DIRECTIONS FOR THIS TASK. Using the entries that follow, transcribe only the lines from the line with "450 Rally – Rear Brake Lever" to the line with "Domed Shade Frosted", both included, exactly as they stand and without pictures.

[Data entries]
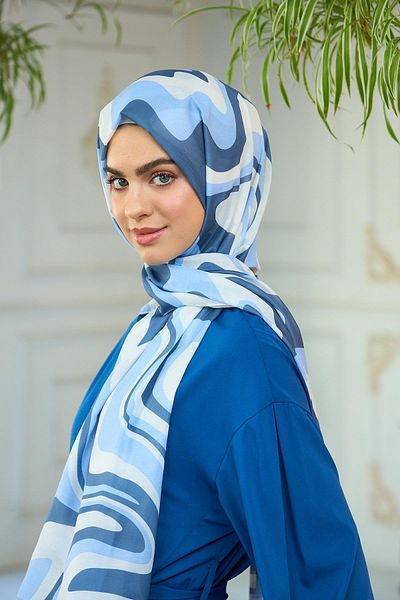 İpekhan Turquoise Blue Soft Shawl Summer Sparkle Collection - 3044-01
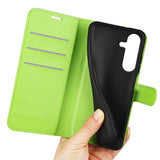 EIDERWOOD Samsung Galaxy S25+ (Plus) Støtsikker Lær Wallet Cover med Litchi Tekstur - Grønn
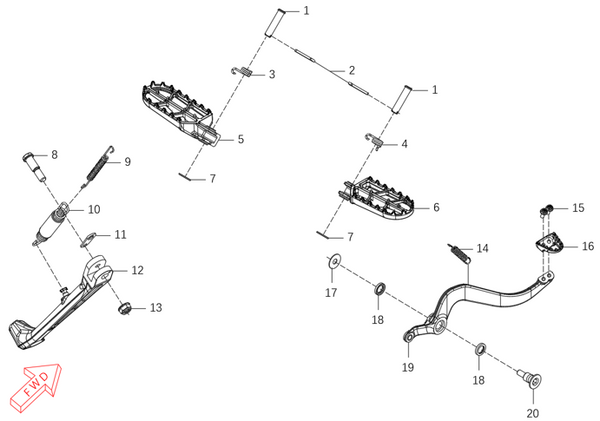 450 Rally – Rear Brake Lever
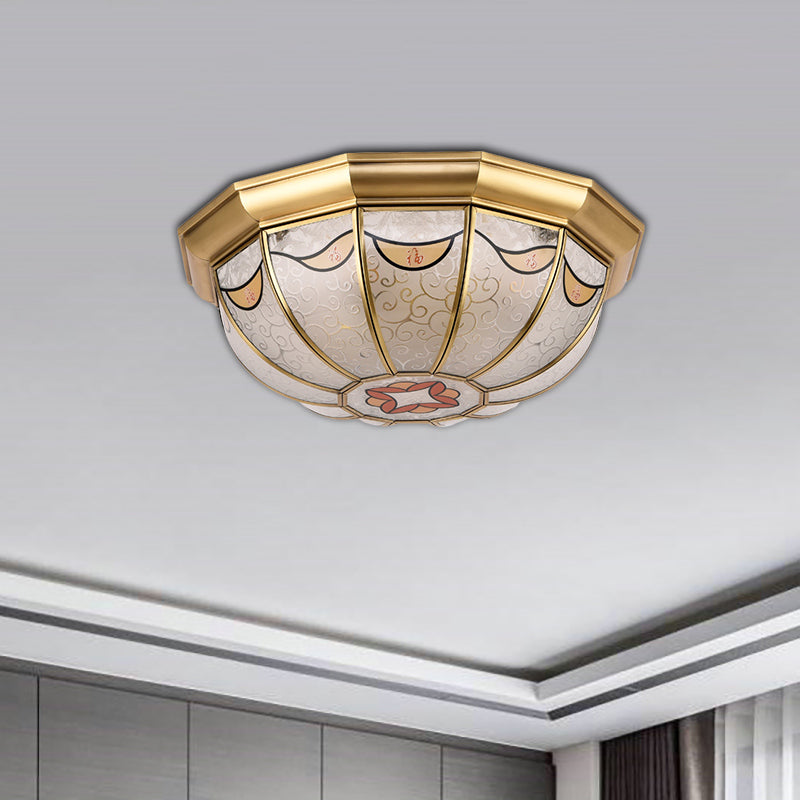 Domed Shade Frosted Glass Flush Ceiling Light Traditional 4-Light Dining Room Flush Mount Lighting in Brass with Flower Pattern Brass Clearhalo 'Ceiling Lights' 'Close To Ceiling Lights' 'Close to ceiling' 'Flush mount' Lighting' 275988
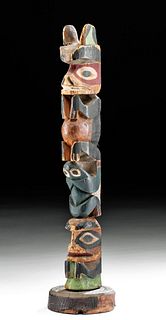 20th C. Pacific Northwest Coast Painted Wood Totem Pole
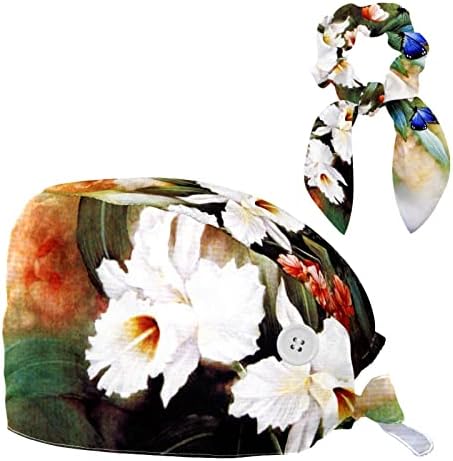 Pillangó Virág Olaj Festmény Dolgozik Sapka Állítható Bozót Kap Gombokkal, Íj Haj Hajgumi, a Nővér, az
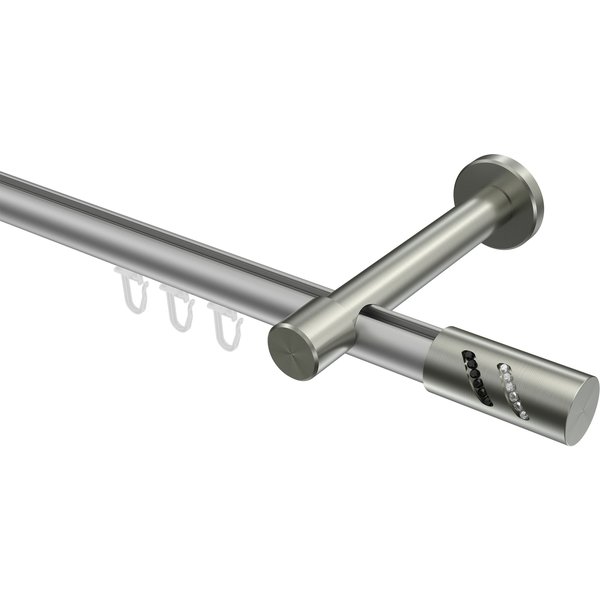 Innenlauf-Gardinenstange Silbergrau / Edelstahl-Optik, Aluminium / Metall 20 mm Ø Prestige Zoena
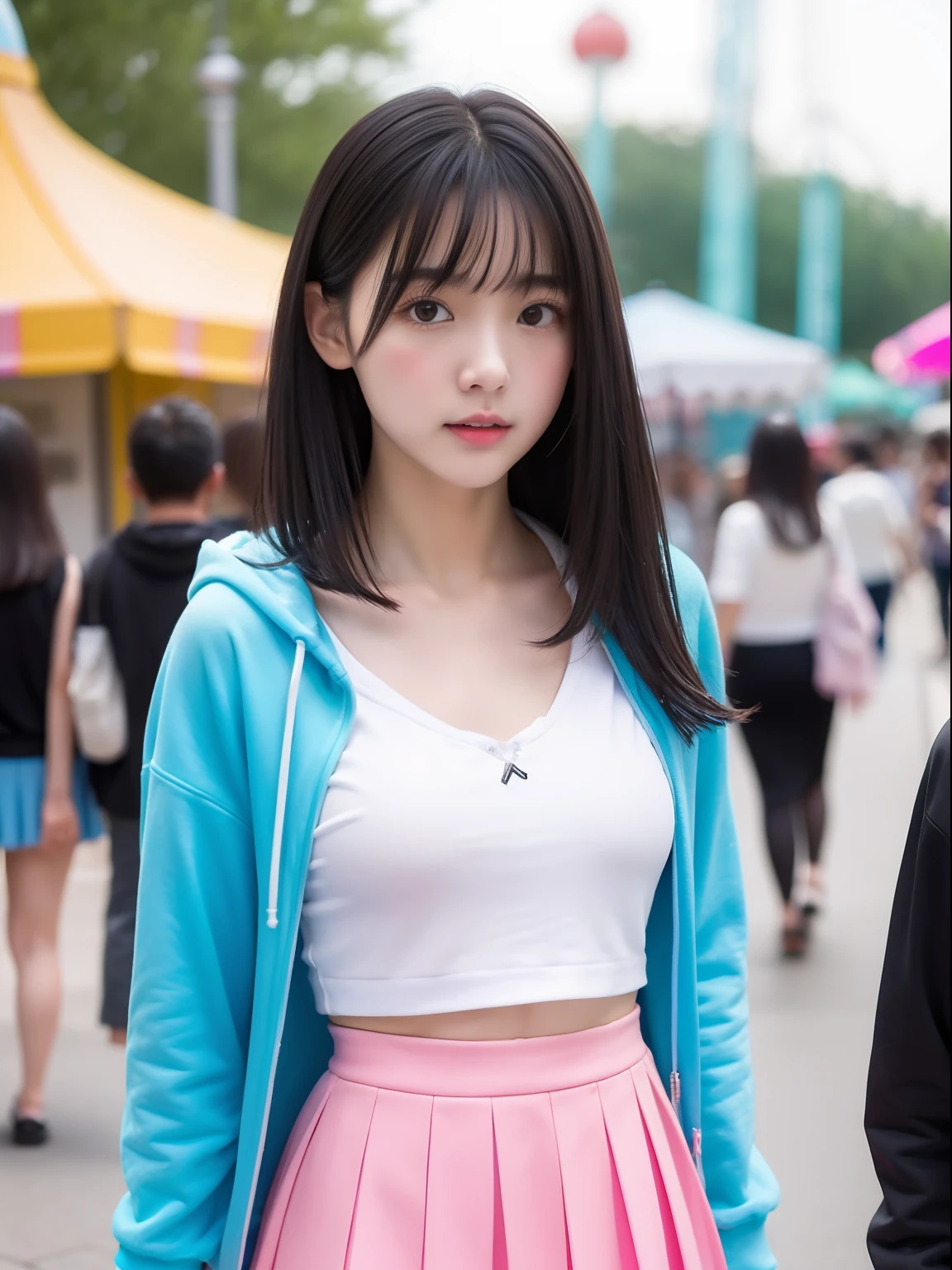 年轻，(Skirts in bright colors)，Mokomoko's hoodie，teens girl，Delicate body，petite body，Delicate body，small tits，tiny chest，Short，A dark-haired，Very Longhair，a shower，An amusement park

EXERCISE RESPONSE.
 450 Rally – Rear Brake Lever
 Domed Shade Frosted Glass Flush Ceiling Light Traditional 4-Light Dining Room Flush Mount Lighting in Brass with Flower Pattern Brass Clearhalo 'Ceiling Lights' 'Close To Ceiling Lights' 'Close to ceiling' 'Flush mount' Lighting' 275988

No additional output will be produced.